"Yo no soy mi padre"
Keiko Fujimori vive alabando y negando el legado de su padre. Ensalza su papel en la lucha contra el terrorismo de Sendero Luminoso y por sentar las bases del modelo económico que ha hecho crecer a Perú a niveles récord. Pero también pide disculpas a las mujeres que fueron esterilizadas forzosamente durante el Gobierno de Alberto Fujimori, defiende que el autogolpe de 1992 se produjo en circunstancias extraordinarias; y niega la escandalosa corrupción que marcó al régimen fujimorista. Sus lemas son los de su padre, sus colaboradores también, y en sus mítines la gente acaba gritando: "¡Chino! ¡Chino!".
"Yo no soy mi padre", ha dicho tajante Keiko varias veces para rebajar el peso de las comparaciones. Sus allegados reconocen que no soporta las críticas. Sobre todo las que apuntan a que con 36 años recién cumplidos, y una mínima experiencia política en un Parlamento que no pisó casi nunca, ha llegado tan lejos en la carrera presidencial solo porque es la hija de El Chino. Esto es lo que horroriza a la mitad del electorado, que recuerda que el padre ha sido condenado a 25 años de prisión por corrupción y crímenes de lesa humanidad; y que Keiko ha sido acusada de financiar sus estudios en la Universidad de Boston con dinero público. En EE UU conoció a su marido, Mark Villanella, con el que tiene dos hijas.
Quienes niegan que sea solo un títere del padre, aseguran que Keiko lleva desde los 15 años preparándose para ser presidenta. Fue una de las primeras damas más jóvenes de Occidente cuando Fujimori le pidió que desempeñara el cargo tras la ruptura del matrimonio con Susana Higuchi. Era abril de 1994, ella tenía 19 años, y se mantuvo en el puesto hasta el fin del Gobierno en 2000. De los cuatro hermanos, solo ella y el menor, Kenji (30 años), tienen vocación política.

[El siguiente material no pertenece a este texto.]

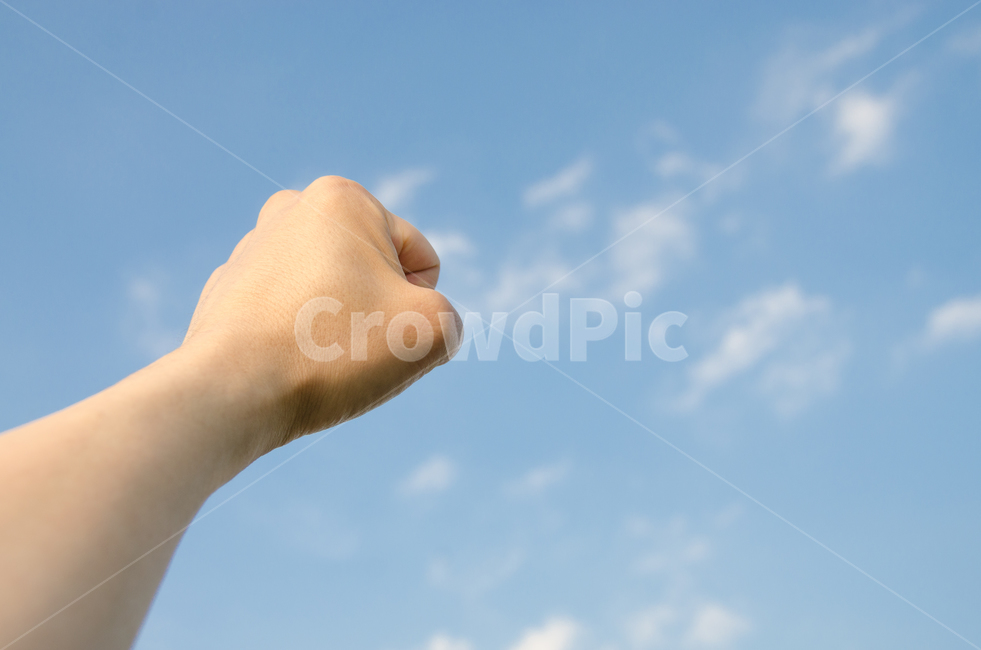 손,하늘,주먹,화이팅,자신감,컨셉,힘,파이팅,힘찬,단결,투쟁,쟁탈,배경,푸른,비지니스,구름,기업,싸움,손가락,몸짓,희망,인간,남성,남자,제기,혁명,성공,팀,팀웍,함께,공생,승리,노동자,혁신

Su madre estuvo con ella en el cierre de la campaña electoral el jueves en Lima. La relación -que Keiko describió como cálida a The New York Times- no parece fácil. Higuchi fue una de las primeras personas en denunciar la corrupción en el Gobierno del exmarido. En 1994 incluso llegó a calificar a su esposo de tirano y años más tarde denunció que el servicio secreto, al mando del temible Vladimiro Montesinos -a quien los hijos de Fujimori llamaban tío Vlad, según el biógrafo Luis Jochamowitz-, la había torturado "quinientas veces" para silenciarla. Tiene cicatrices en la espalda y en el cuello que ella atribuye a la tortura, aunque su exmarido asegura que fueron causadas por un tratamiento tradicional japonés para dejar de fumar.